Still, even if everyone’s already venting their well-justified anger over it, I’d nonetheless like to throw in my own two cents on the matter, because most of the complaints about this game come back to a certain few glaring errors (which, don’t get me wrong, are irredeemably bad), and Fallout 76, in my opinion, is just so much more of a complete blunder than just these particular egregious errors. On every level, Fallout 76 is a failure.

Let’s start with the first and most important matter: Fallout 76 is a failure as a Fallout game.

Fallout is characterized by many qualities, and it can’t truly be Fallout without any of them, but at its heart, this is a series which explores, analyzes, criticizes, and lauds the culture and history of the United States, and through that, humanity itself.
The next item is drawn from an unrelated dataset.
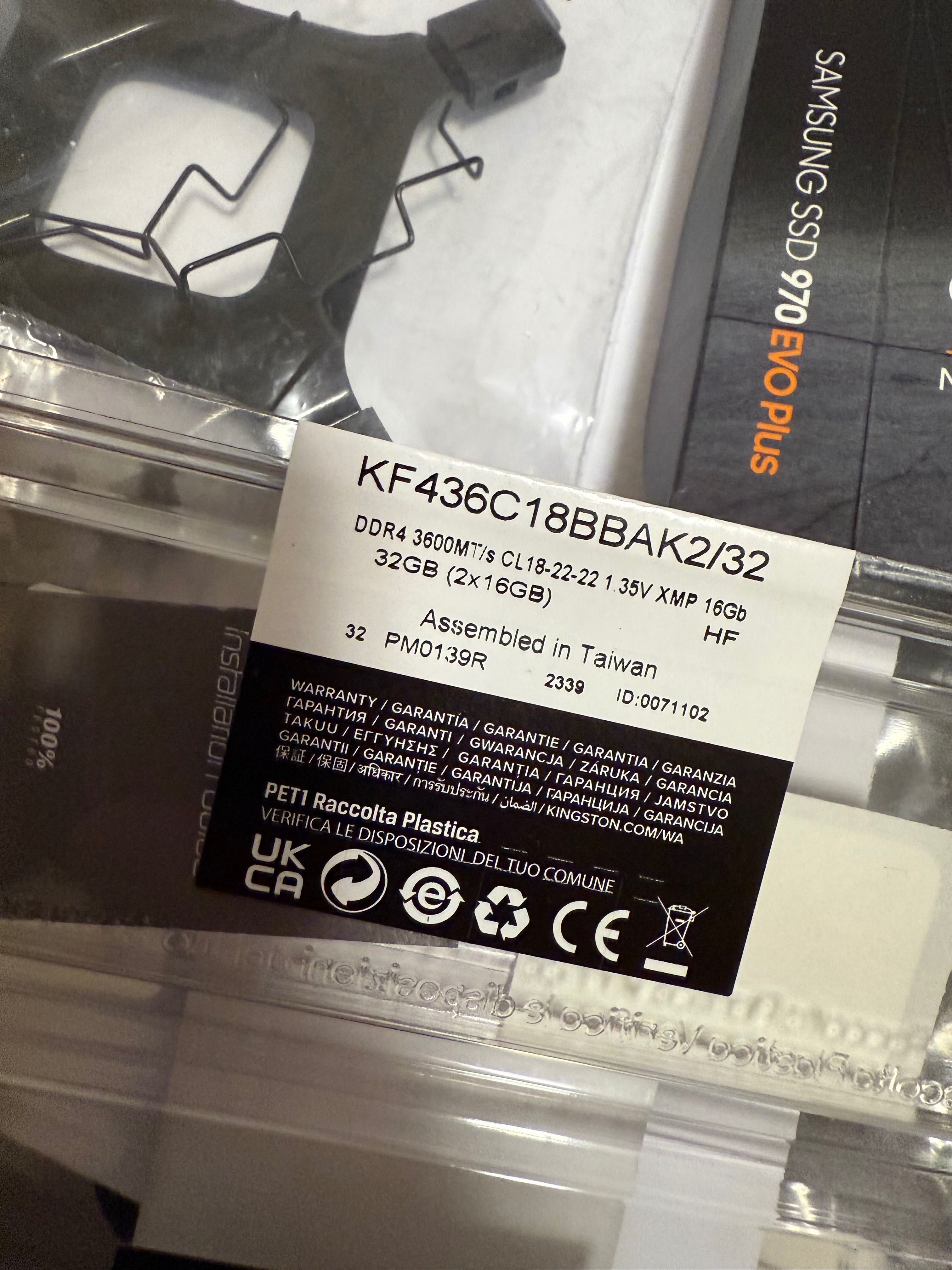 Геймърски компютър G:rigs (Nvidia RTX 4070, AMD Ryzen 7 5700)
From its 1950s aesthetics to its old-timey musical focus, from its major stories that grapple with the USA’s foreign policy and imperialism and history of prejudice and constant struggle to find leaders who put the will of the people over their own desires and toxic capitalism and the inability of the human species to learn from its mistakes, to its subplots of baseball and comic book characters and scientologists and aliens and casinos, from its incorporation of distinctly American landmarks and products and accents to its incorporation of countless references of USA-familiar people and media for the sake of quick jokes, Fallout has made it clear from the start that it exists to be a lens through which we can view ourselves as a country, for the sake of understanding who we are and how we came to be us, of good-naturedly laughing at ourselves, of uncomfortably seeing our shameful acts, mindset, and history exposed, and of taking pride in the many traits that make us uniquely great. To both joyously celebrate and harshly critique the United States of America is to be Fallout.
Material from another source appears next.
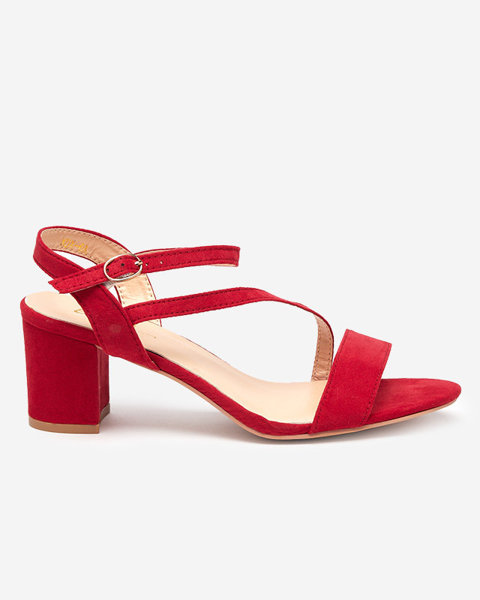 OUTLET Жіночі босоніжки на поштині в червоному кольорі Klodu- Shoes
Fallout 76 does not do this.

Oh, to be sure, it goes through the motions. There are West Virginia landmarks to be found. A bare few of them even are more of the local kind of landmark than stuff that’d be more well-known on a national level. The main music is...uh...well, it ain’t old-timey like it really ought to be, as a 70s song, but then, plenty of the songs appropriated for the series before have been from the 60s, so I guess it’s fine, and it certainly fits.* Some of the holotape stories left behind incorporate professions and accents and other human elements recognizably connected to the region.

But that’s all they are: motions. They have no more life or purpose than the after-death twitches of an ant after someone steps on it. What is the meaning? What are these locations and ideas supposed to convey to us about the American state, mentality, method, anything? What does any of this stuff say about us? For that matter, what does any of it say about West Virginia itself, its people, its history, its culture, etc? These references and locations and recorded diaries, none of them are put to any USE, they don’t analyze or celebrate or criticize anything! There is no thought or message behind any of it, and for that, 76 is more like a molt of Fallout than the actual beast.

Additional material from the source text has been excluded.